Colin Jacobs, centre, Seattle Thunderbirds (WHL)
Standing 6-foot-2, 204 pounds, Jacobs could easily be the poster boy for the everything is bigger in Texas slogan. A big reason the Coppell, Texas, native racked up major minutes on a young Thunderbirds squad this season was his versatility. He often has an impact at both ends of the ice, playing on the power play and penalty kill.
The peak of Jacobs' offensive upside has been questioned among scouts. Some doubt whether he can be a top-six NHL forward, while others believe Jacobs has a lot of untapped offensive potential.
Victor Rask, centre, Leksand (Sweden)
Rask was initially one of the most prominent names in the 2011 draft class, but he's slowly dropped among draft rankings. A big reason for Rask's prospect stock dropping is his poor offensive production in the Swedish Elite League. He managed just five goals and 11 points in 37 games with Leksand, bearing in mind he is an 18-year-old playing in a men's league.

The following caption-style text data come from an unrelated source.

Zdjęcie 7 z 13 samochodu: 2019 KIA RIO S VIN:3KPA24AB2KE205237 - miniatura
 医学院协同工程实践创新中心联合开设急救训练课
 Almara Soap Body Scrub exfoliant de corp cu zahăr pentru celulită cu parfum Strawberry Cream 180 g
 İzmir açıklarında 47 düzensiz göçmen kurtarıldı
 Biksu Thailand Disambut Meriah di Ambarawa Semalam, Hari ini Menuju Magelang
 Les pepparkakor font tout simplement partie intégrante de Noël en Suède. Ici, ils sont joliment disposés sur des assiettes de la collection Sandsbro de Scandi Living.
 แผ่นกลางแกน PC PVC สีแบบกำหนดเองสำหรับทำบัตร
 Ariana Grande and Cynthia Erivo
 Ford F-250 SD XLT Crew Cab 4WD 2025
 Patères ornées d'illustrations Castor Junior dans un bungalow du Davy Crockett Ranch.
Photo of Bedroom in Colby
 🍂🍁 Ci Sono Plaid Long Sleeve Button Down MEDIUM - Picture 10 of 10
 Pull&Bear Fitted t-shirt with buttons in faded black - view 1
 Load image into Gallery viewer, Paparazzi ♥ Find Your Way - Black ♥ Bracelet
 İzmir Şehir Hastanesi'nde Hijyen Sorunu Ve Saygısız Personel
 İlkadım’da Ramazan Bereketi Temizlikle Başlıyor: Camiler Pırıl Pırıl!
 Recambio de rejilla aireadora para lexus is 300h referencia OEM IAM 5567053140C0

Rask's 6-foot-2, 194-pound frame is one of his major selling points. His size and professional hockey experience could make for a relatively smooth transition to the NHL once he's ready.
Shane Prince, wing, Ottawa 67's (OHL)
Prince, who's been invited to USA Hockey's world junior summer camp, showed an offensive flair this season with 25 goals and 88 points in 59 regular-season games. The native of Spencerport, N.Y., is a puck-handling wizard with an endless supply of toe-drags and tape-to-tape passes.
With his 5-foot-11, 185 pound frame, Prince's size and questions about his durability have diminished his stock somewhat. If Prince can get stronger and improve his chances of avoiding injury, he could grow into one of the most impressive forwards of this year's draft class.
Travis Ewanyk, centre, Edmonton Oil Kings (WHL)
After winning nearly every draw at the IIHF world under-18 championship in Germany, Ewanyk grabbed the attention of scouts with his impressive defensive instincts. Whether it is blocking shots or laying bone-crushing hits, Ewanyk is able to change the momentum of a game with his fearless defensive play.
Ewanyk, who had 16 goals and 27 points while playing all 72 games for Edmonton, does need to show he's capable contributing more offensively. Otherwise, he could get pigeonholed as strictly being an energy player in the NHL.